About AT-01 Pan-Amyloid Diagnostic
AT-01 utilizes the company’s pan-amyloid binding peptide as an amyloid-specific radiotracer to image all types of systemic amyloidosis by PET/CT imaging. In initial clinical trials, AT-01 has been shown to detect multiple types of amyloid deposits, including AL and ATTR, in major organs such as the heart, kidney, liver and spleen. Attralus obtained exclusive rights to commercialize 124I-AT-01 under a commercial license agreement with the University of Tennessee Research Foundation.
About AT-03 PAR Therapeutic
AT-03 is a fusion of the company’s PAR-SAP (Serum Amyloid Protein) technology with a single-chain Fc.

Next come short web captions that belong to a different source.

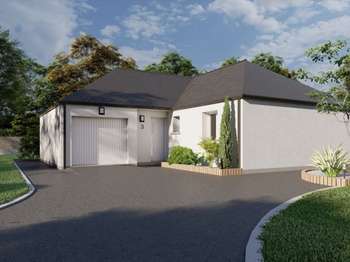 Vente maison 4 pièces Ruffigné 44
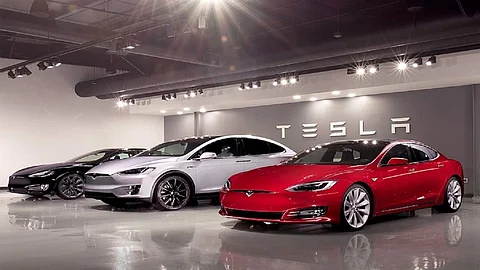Tesla to open first Indian showroom in July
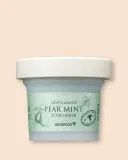 Маска для лица Skinfood Pear Mint Food Mask, очищающая, охлаждающая, 120 г — фото 1
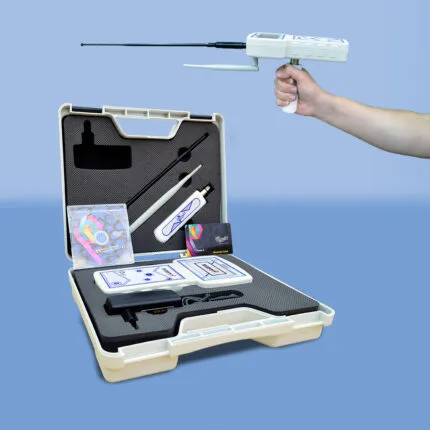 Navvy / water detector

The PAR-SAP component mediates binding to all types of amyloid deposits, and the single-chain Fc stimulates the immune system to remove amyloid deposits that are bound byAT-03. Attralus obtained exclusive rights to develop, manufacture and commercialize AT-03 under license agreements with University of Limoges.
About Systemic Amyloidosis
Systemic amyloidosis encompasses a diverse group of rare diseases that occur due to accumulation of toxic amyloid deposits in tissues and organs, a consequence of aberrant protein misfolding events. These diseases are progressive, debilitating and often fatal. Systemic amyloidosis is significantly underdiagnosed due to low awareness, lack of specific symptoms, and no current disease-specific diagnostics. The two most common forms of systemic amyloidosis are immunoglobulin light-chain-associated (AL) amyloidosis and transthyretin-associated amyloidosis (ATTR). There is a significant unmet need for new therapies and diagnostics in systemic amyloidosis.
Attralus is a clinical stage biopharmaceutical company focused on creating transformative medicines to improve the lives of patients with systemic amyloidosis. The company’s proprietary pan-amyloid removal (PAR) therapeutics are designed to directly bind to and remove toxic amyloid in organs and tissues. By targeting the universal disease-causing pathology in systemic amyloidosis diseases, PAR therapeutics have the potential to treat and reverse disease in patients with all types and stages of systemic amyloidosis. Attralus was founded by scientific experts in the field of amyloidosis and the company is headquartered in South San Francisco.
This press release contains forward-looking statements, including statements related to Attralus’ continued development of AT-01 and AT-03, including the efficacy and therapeutic potential of AT-01 and AT-03. Words such as “demonstrated,” “may,” “anticipate,” “estimate” and similar expressions are intended to identify forward-looking statements. These forward-looking statements are based upon Attralus’ current expectations. Forward-looking statements involve risks and uncertainties. Attralus’ actual results and the timing of events could differ materially from those anticipated in such forward-looking statements as a result of these risks and uncertainties. Attralus expressly disclaims any obligation or undertaking to release publicly any updates or revisions to any forward-looking statements contained herein to reflect any change in Attralus’ expectations with regard thereto or any change in events, conditions, or circumstances on which any such statements are based.